== PROBLEM DESCRIPTION ==
In the records below, the line that contains "Multipurpose Cucumber Peeler" marks the start. Copy it and each line after it through the end, exactly, without pictures.

__________

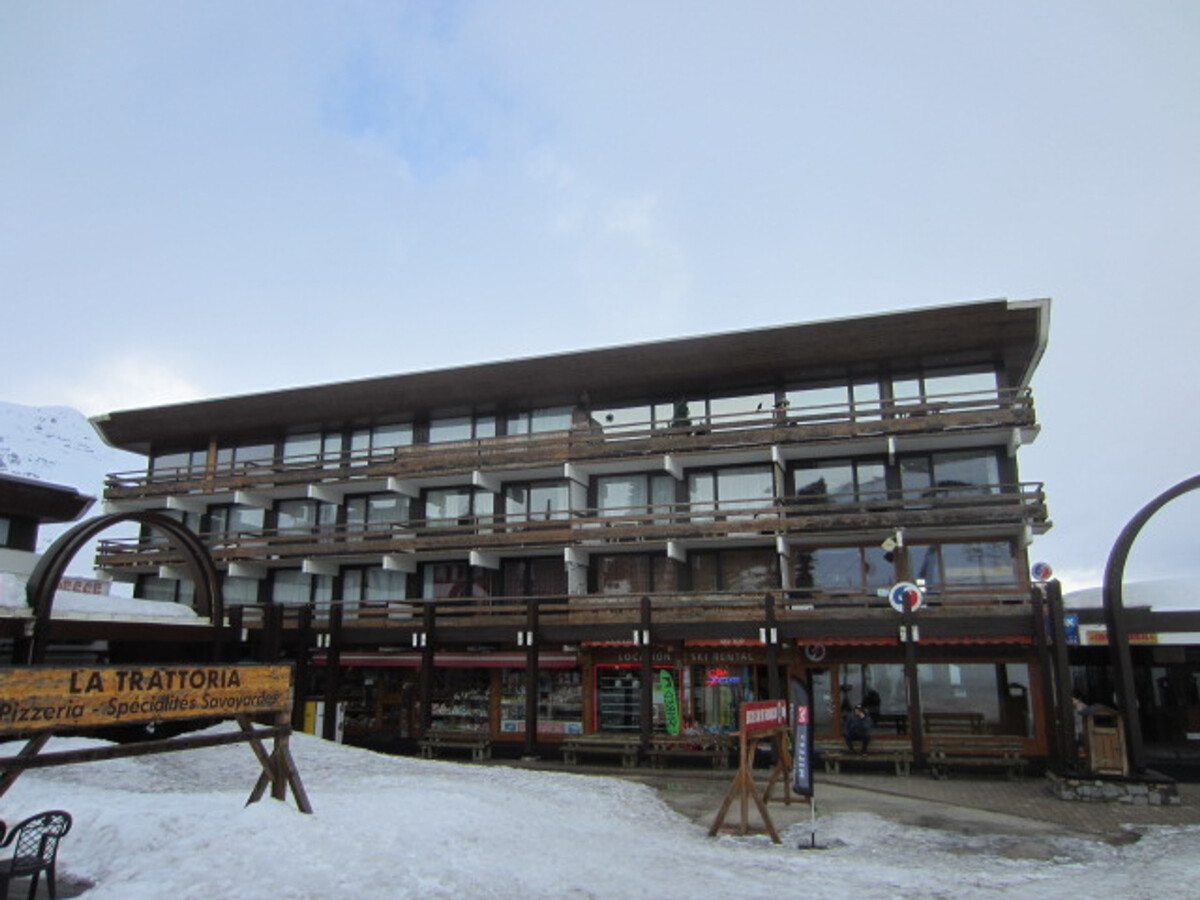 Appartement 35 m² skis aux pieds aux Menuires, balcon Sud-Est - Photo 14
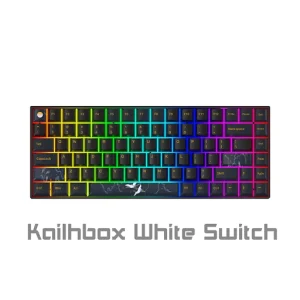 Bàn phím cơ không dây Newmen GM840 Pro (KailhBox White Switch)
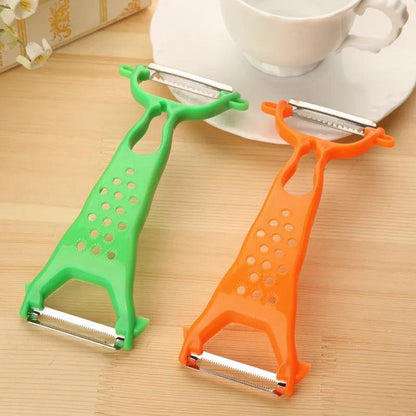 Multipurpose Cucumber Peeler with Stainless Steel Blade by HitMyNeed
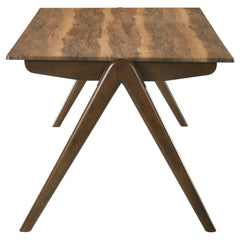 Randolph Sheesham/Brown 5-piece Rectangular Dining Table - Ornate Home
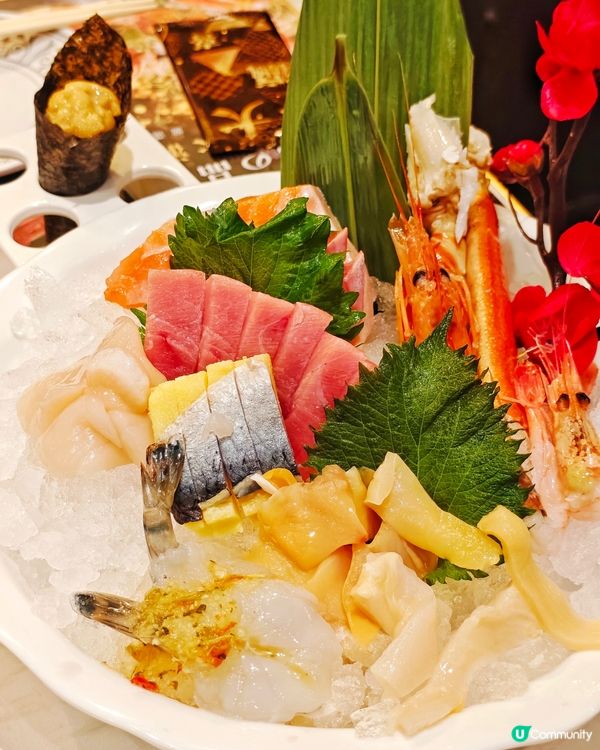 鹽焗♨️肉蟹🦀立鱗燒🐟任食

__________

== ANSWER TO THIS TASK ==
 Multipurpose Cucumber Peeler with Stainless Steel Blade by HitMyNeed
 Randolph Sheesham/Brown 5-piece Rectangular Dining Table - Ornate Home
 鹽焗♨️肉蟹🦀立鱗燒🐟任食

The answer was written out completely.